### [Data records]

- Opening Delimiter -

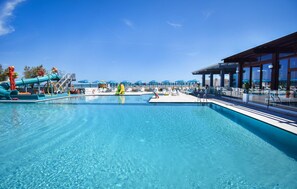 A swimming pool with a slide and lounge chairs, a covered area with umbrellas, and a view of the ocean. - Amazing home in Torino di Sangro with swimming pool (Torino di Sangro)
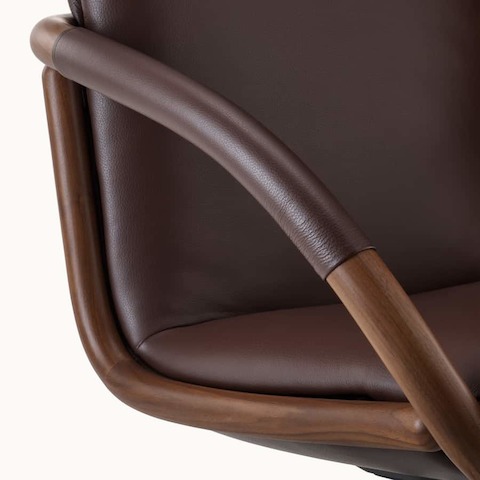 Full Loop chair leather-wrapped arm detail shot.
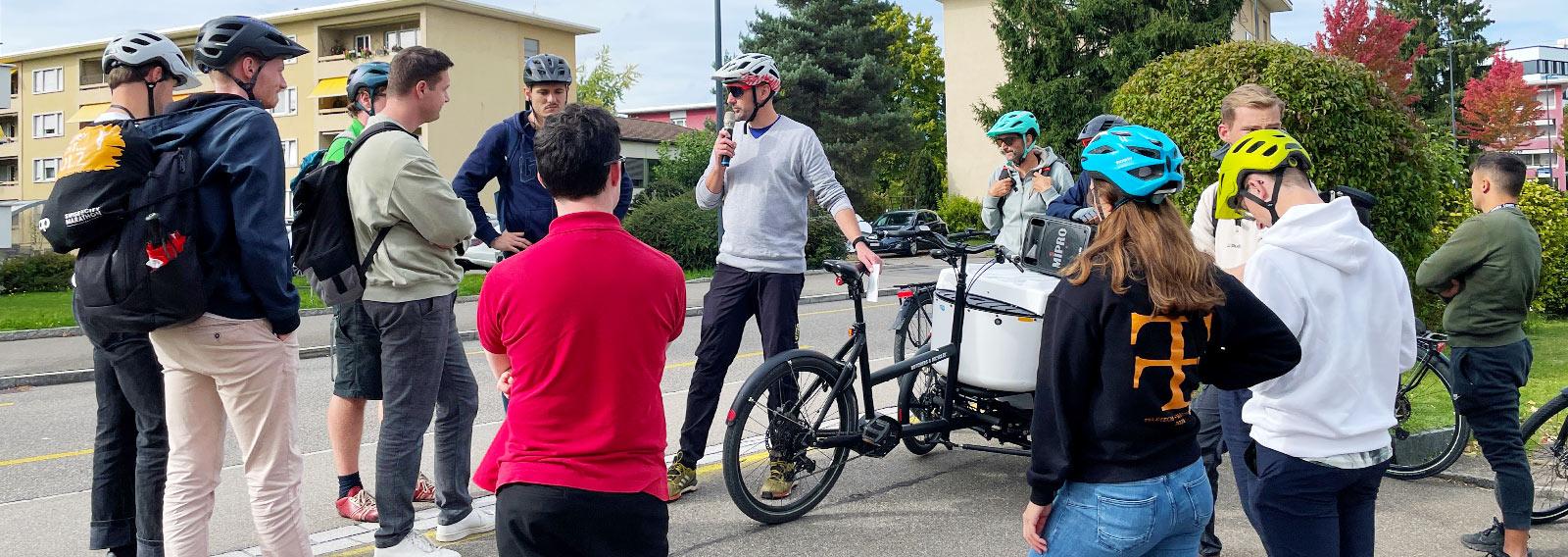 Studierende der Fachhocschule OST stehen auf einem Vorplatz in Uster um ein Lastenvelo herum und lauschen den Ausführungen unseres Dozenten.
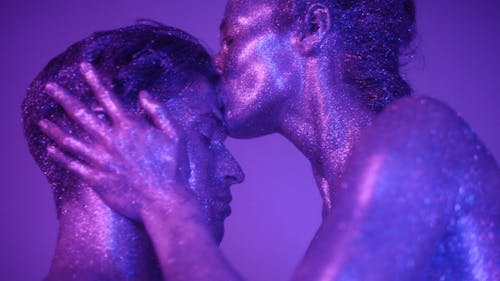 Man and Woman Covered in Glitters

- Closing Delimiter -
- Opening Delimiter -

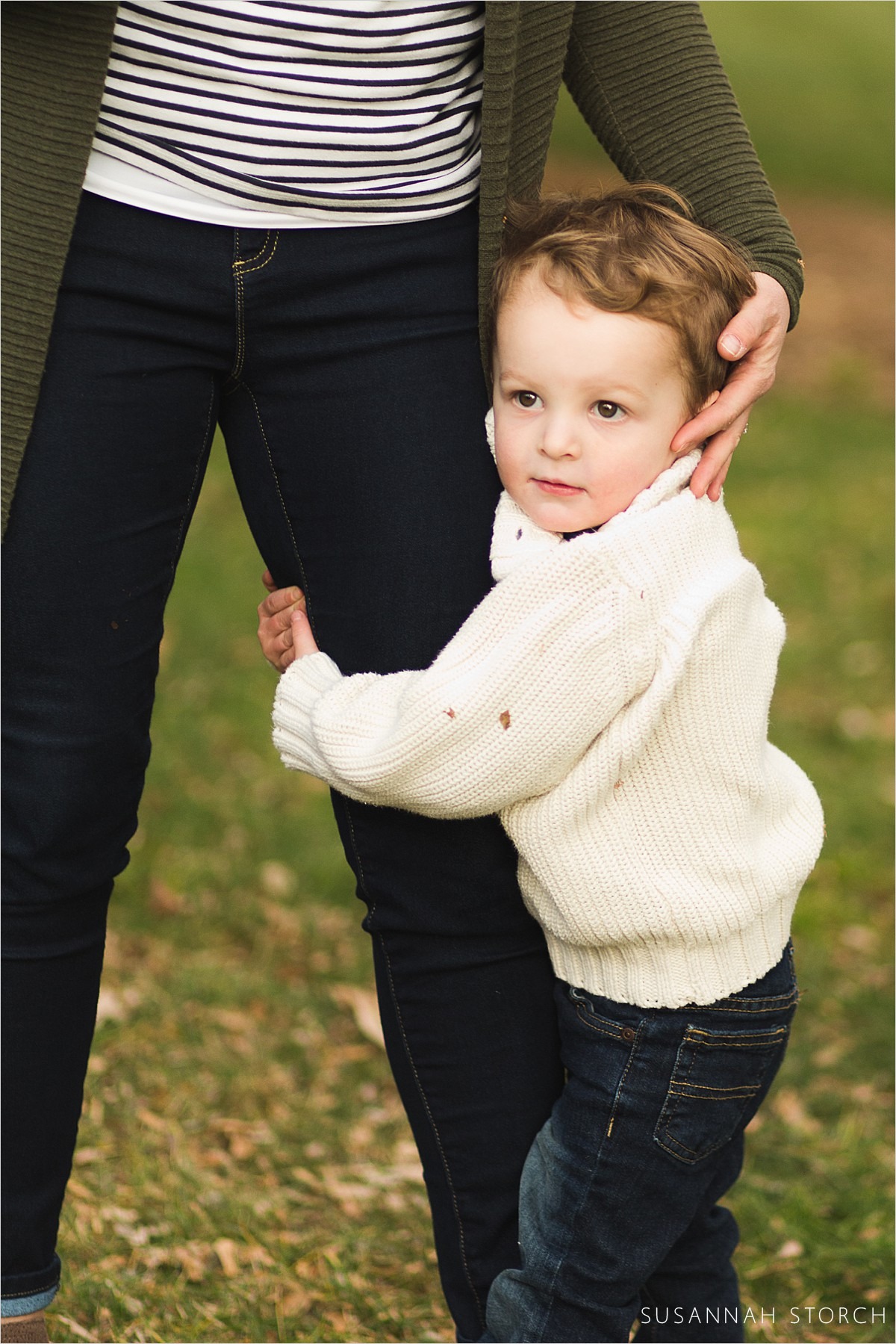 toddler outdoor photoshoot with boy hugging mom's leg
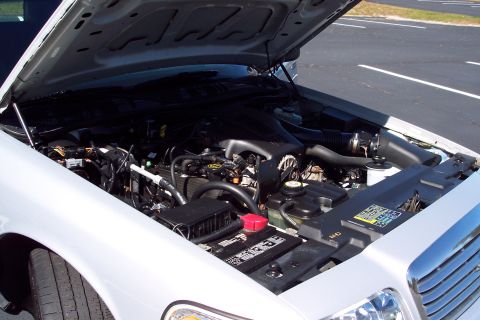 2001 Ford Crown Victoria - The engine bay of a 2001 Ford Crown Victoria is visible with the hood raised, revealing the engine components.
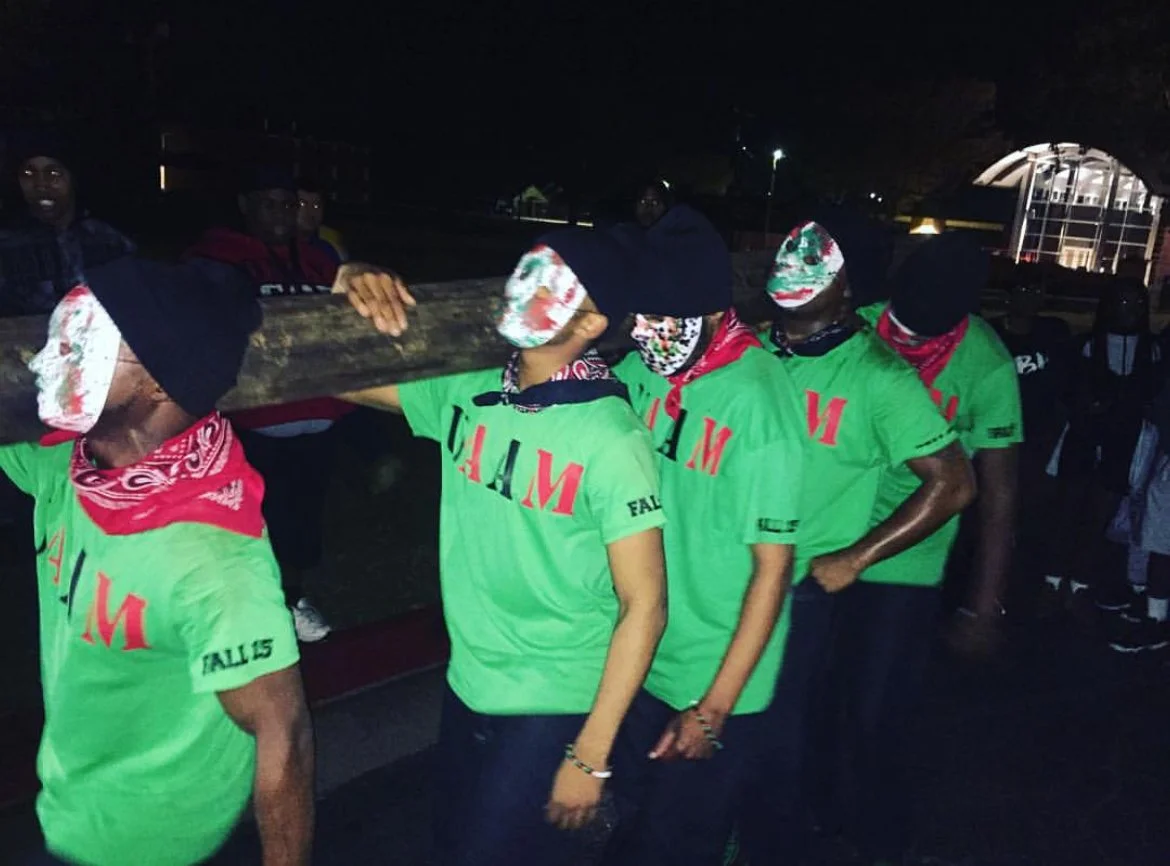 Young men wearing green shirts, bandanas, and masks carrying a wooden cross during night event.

- Closing Delimiter -

### [Work to complete]
Repeat exactly the lines above, beginning at the one containing "Studierende der Fachhocschule" and ending at the one containing "Man and Woman Covered in Glitters". Do not carry over any pictures.

### [Response area]
 Studierende der Fachhocschule OST stehen auf einem Vorplatz in Uster um ein Lastenvelo herum und lauschen den Ausführungen unseres Dozenten.
 Man and Woman Covered in Glitters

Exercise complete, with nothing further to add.